■ **AIM OF THE EXERCISE**: The listing below must be repeated word for word, without its pictures.

■ **AVAILABLE DATA**:

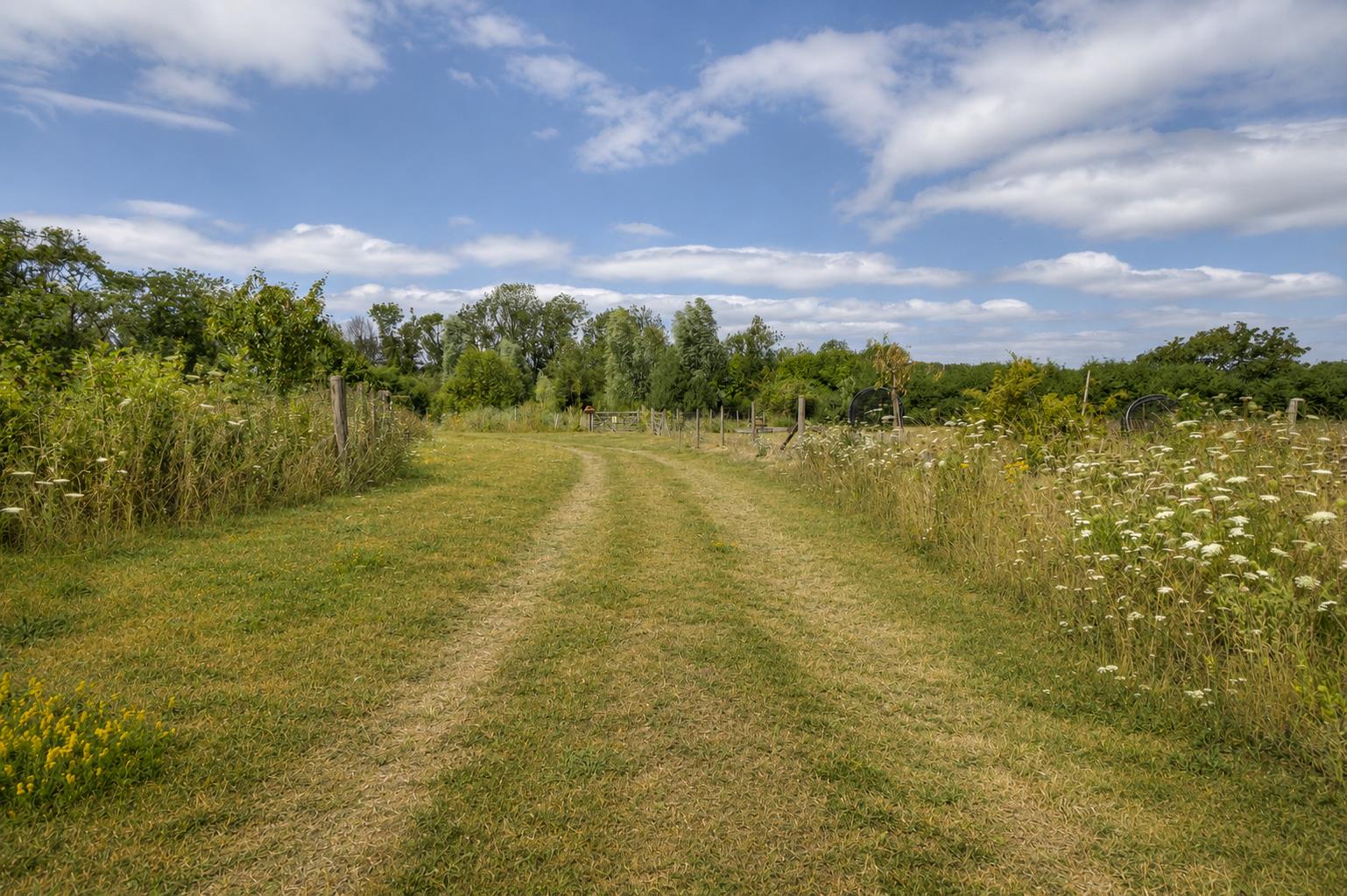 Property image for Oak Tree Court, Tollerton, Nottingham
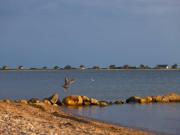 Martinas Mare de Luxe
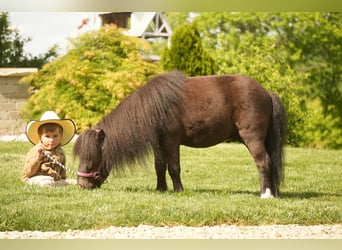 More ponies/small horses, Gelding, 5 years, 8 hh, Black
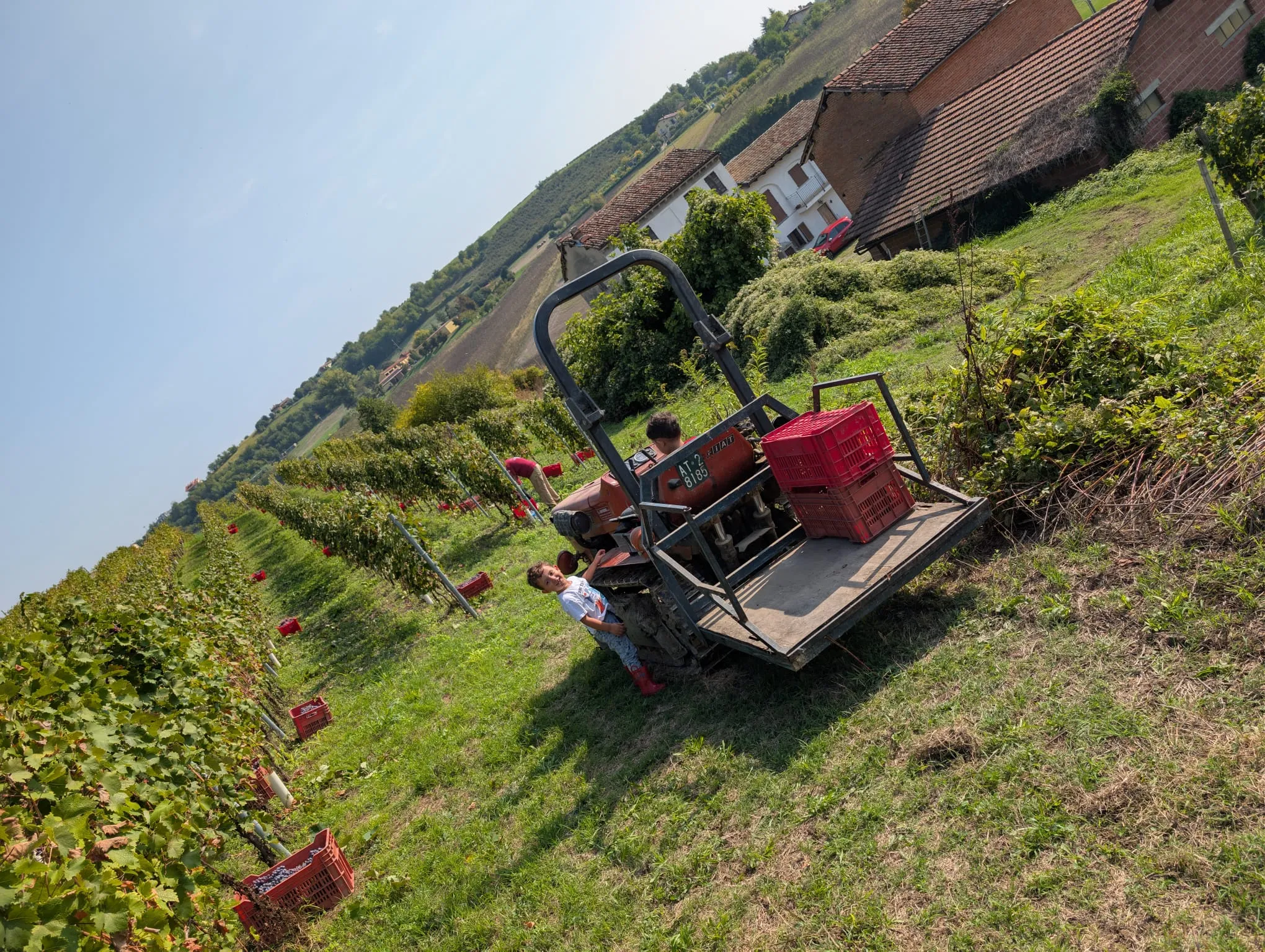 Il trattore tra i filari durante la vendemmia, con le cassette rosse piene d’uva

■ **OUTPUT OF THE TASK**:
 Property image for Oak Tree Court, Tollerton, Nottingham
 Martinas Mare de Luxe
 More ponies/small horses, Gelding, 5 years, 8 hh, Black
 Il trattore tra i filari durante la vendemmia, con le cassette rosse piene d’uva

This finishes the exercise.